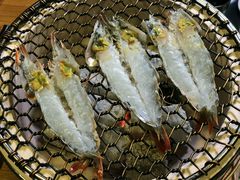 -炙忧烤肉屋(中国铁建广场店)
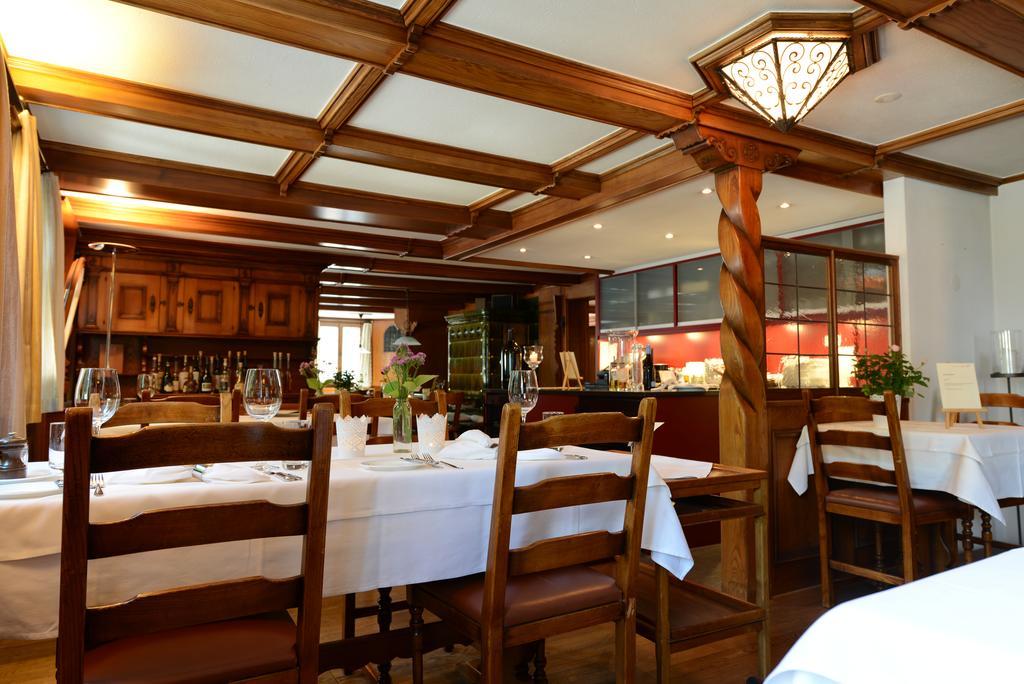 Gasthaus Engel Sachseln Extérieur photo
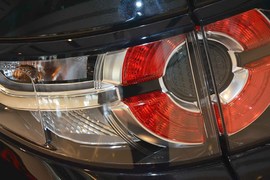 2016款路虎发现神行2.0T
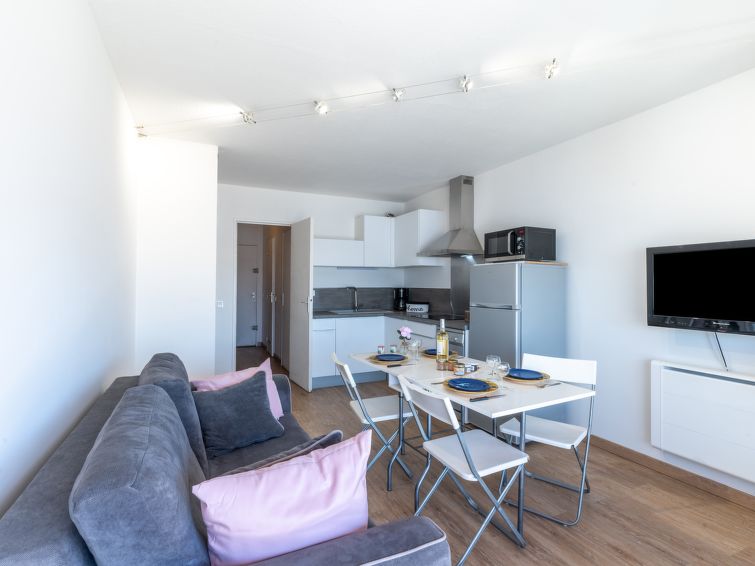 Search and Stay destination Le Grau-du-Roi, Occitanie - France from AU$ 110. Résidence La Santa Maria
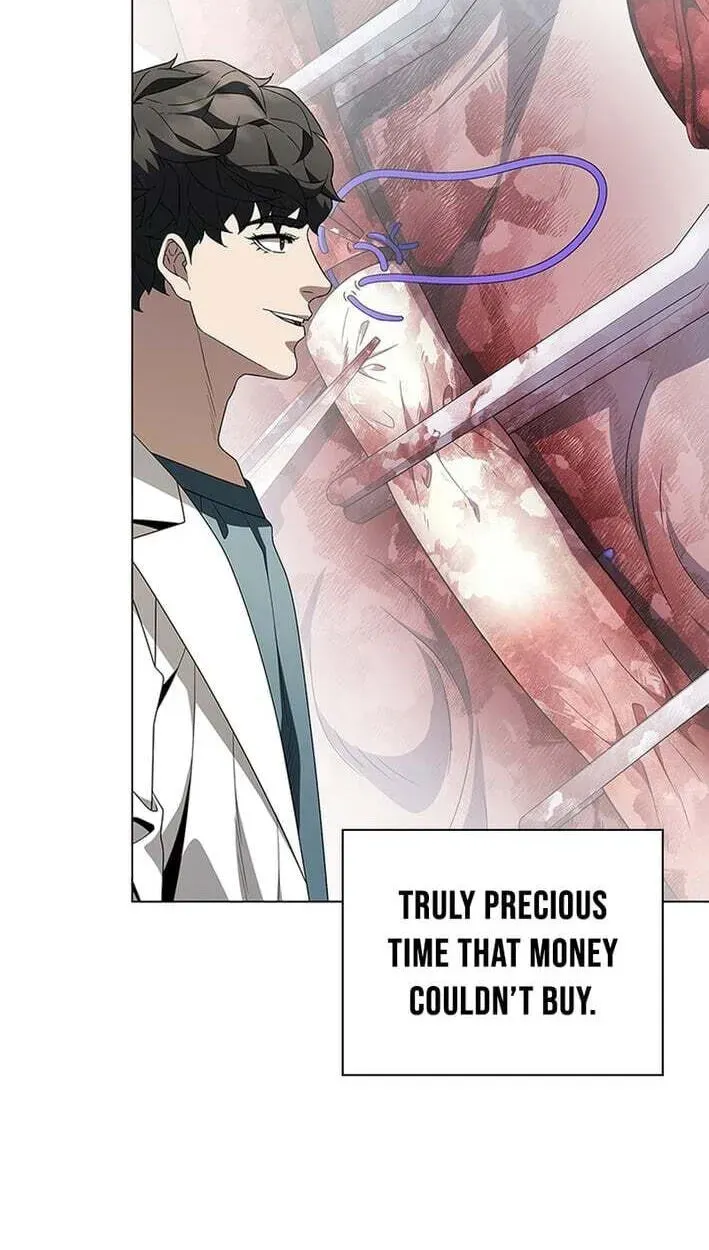 A True Doctor Chapter 300 — Page 51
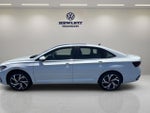 2025 Volkswagen Jetta SEL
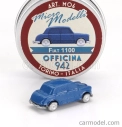 Officina-942 Fiat 1100/103 1953 1:160 Modrá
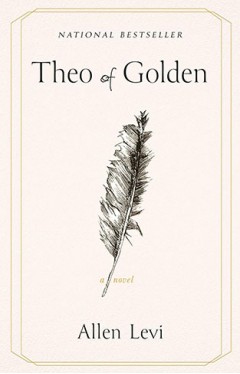 Theo of Golden: A Novel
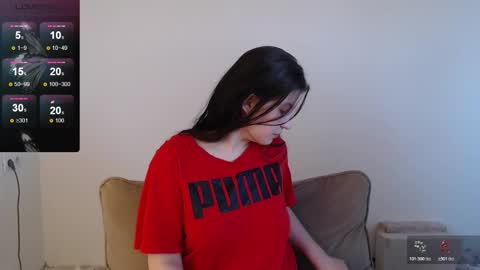 Snapshot of angel_gelya chatting on 03/15/26, 08:09 Angel online show from 03/15/26, 08:09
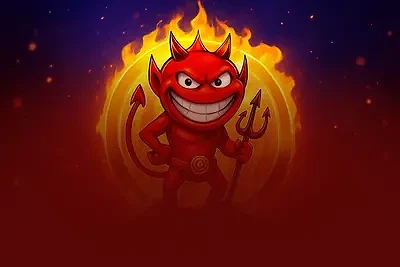 Devils Hotfire Hold And Win
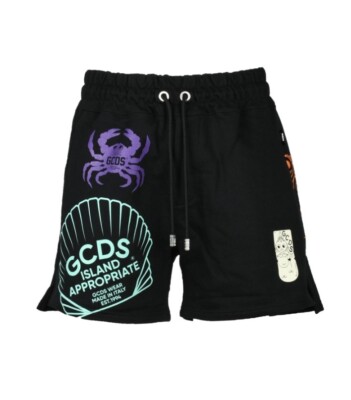 bermuda Gcds M L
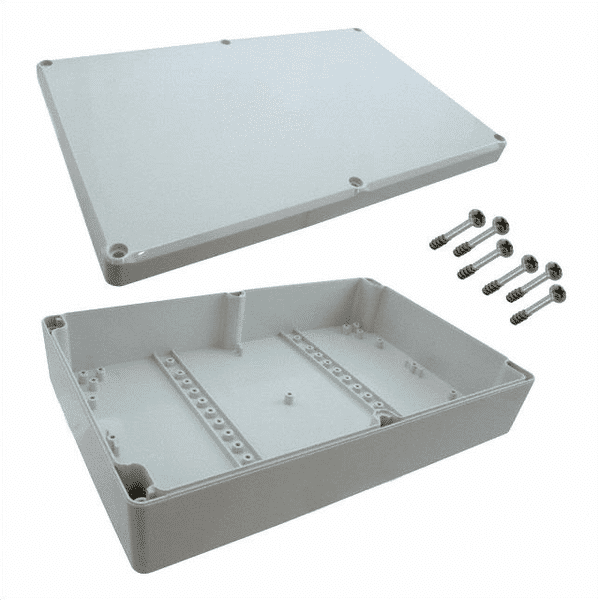 EM 239 electronic component of Rose Bopla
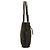Prada Borsa Tote City B9386 in rete di nylon verde oliva - vista 2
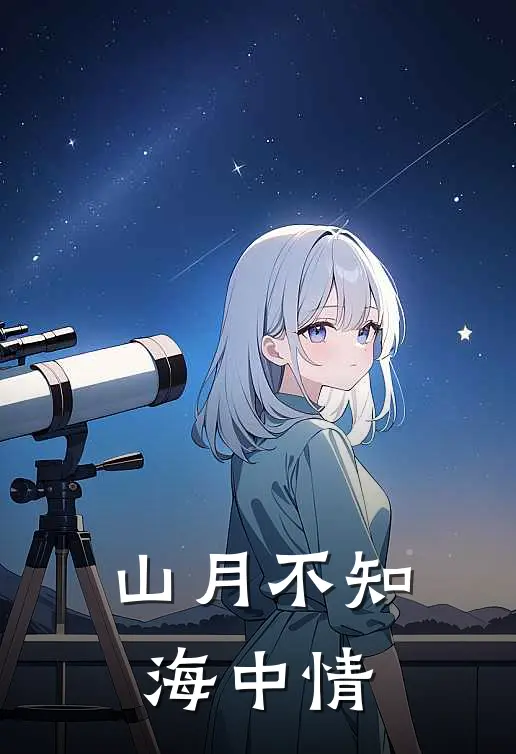 山月不知海中情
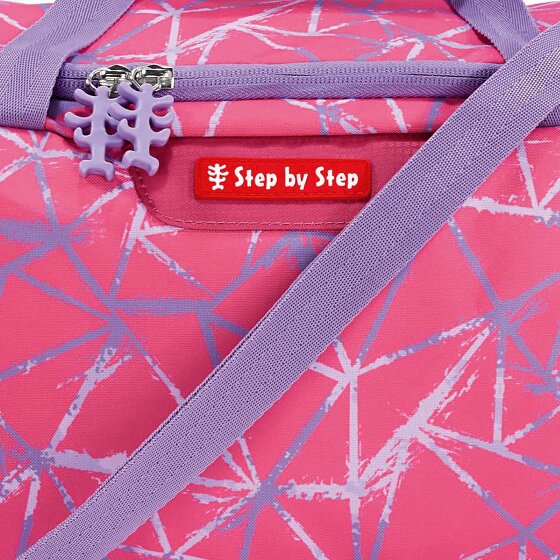 Step by Step Sports bag 38 cm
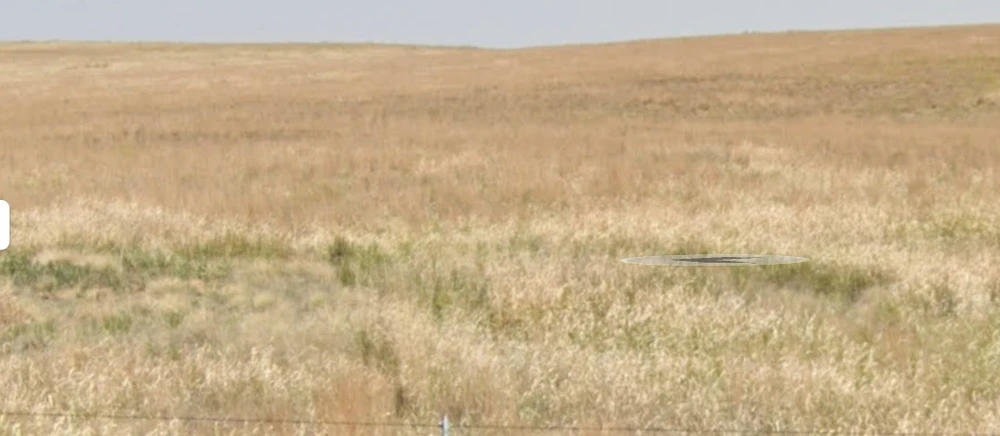 Hunting private land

○ ○ ○ ○ ○ ○ ○

Work to be completed
Your answer should be every line above, written out exactly, with no pictures.

Task response
 -炙忧烤肉屋(中国铁建广场店)
 Gasthaus Engel Sachseln Extérieur photo
 2016款路虎发现神行2.0T
 Search and Stay destination Le Grau-du-Roi, Occitanie - France from AU$ 110. Résidence La Santa Maria
 A True Doctor Chapter 300 — Page 51
 2025 Volkswagen Jetta SEL
 Officina-942 Fiat 1100/103 1953 1:160 Modrá
 Theo of Golden: A Novel
 Snapshot of angel_gelya chatting on 03/15/26, 08:09 Angel online show from 03/15/26, 08:09
 Devils Hotfire Hold And Win
 bermuda Gcds M L
 EM 239 electronic component of Rose Bopla
Prada Borsa Tote City B9386 in rete di nylon verde oliva - vista 2
 山月不知海中情
 Step by Step Sports bag 38 cm
 Hunting private land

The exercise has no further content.